→ **WORK REQUEST**: Given these entries, repeat exactly the lines starting with the one that has "Pottery Barn Kids" and going on through the one that has "Колонки Sven MS-1820", both included, but none of the pictures.

→ **DATA FOR REVIEW**:
-- Opening Marker --
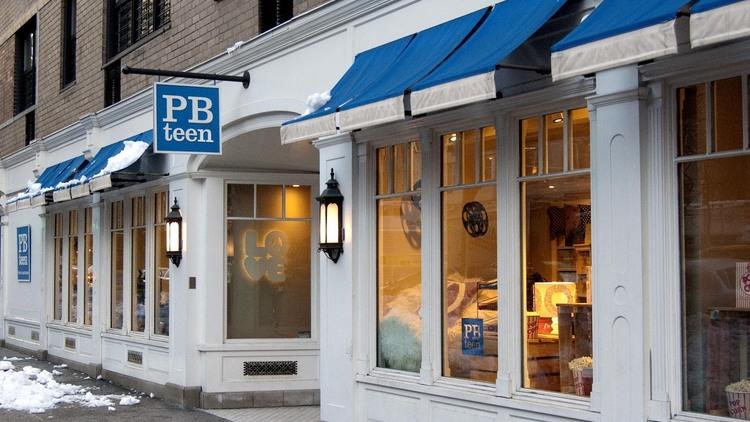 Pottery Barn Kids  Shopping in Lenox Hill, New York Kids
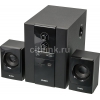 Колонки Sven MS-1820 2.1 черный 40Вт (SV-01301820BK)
-- Closing Marker --
-- Opening Marker --
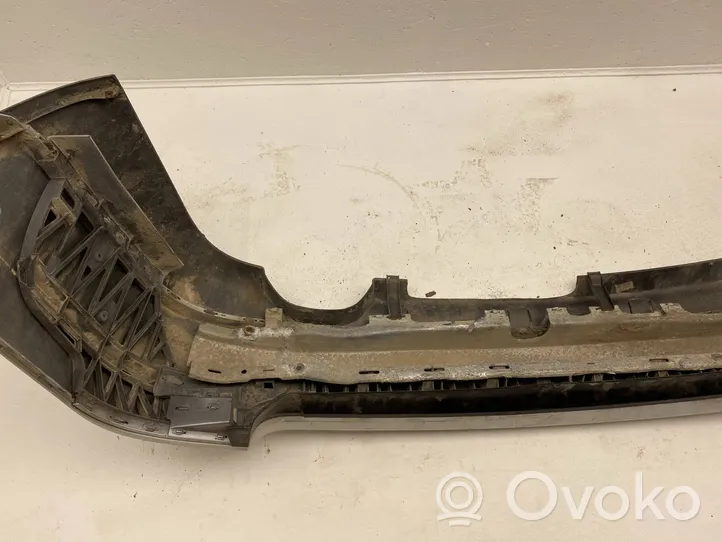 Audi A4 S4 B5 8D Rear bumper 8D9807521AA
-- Closing Marker --
→ **WRITTEN RESPONSE**:
 Pottery Barn Kids  Shopping in Lenox Hill, New York Kids
 Колонки Sven MS-1820 2.1 черный 40Вт (SV-01301820BK)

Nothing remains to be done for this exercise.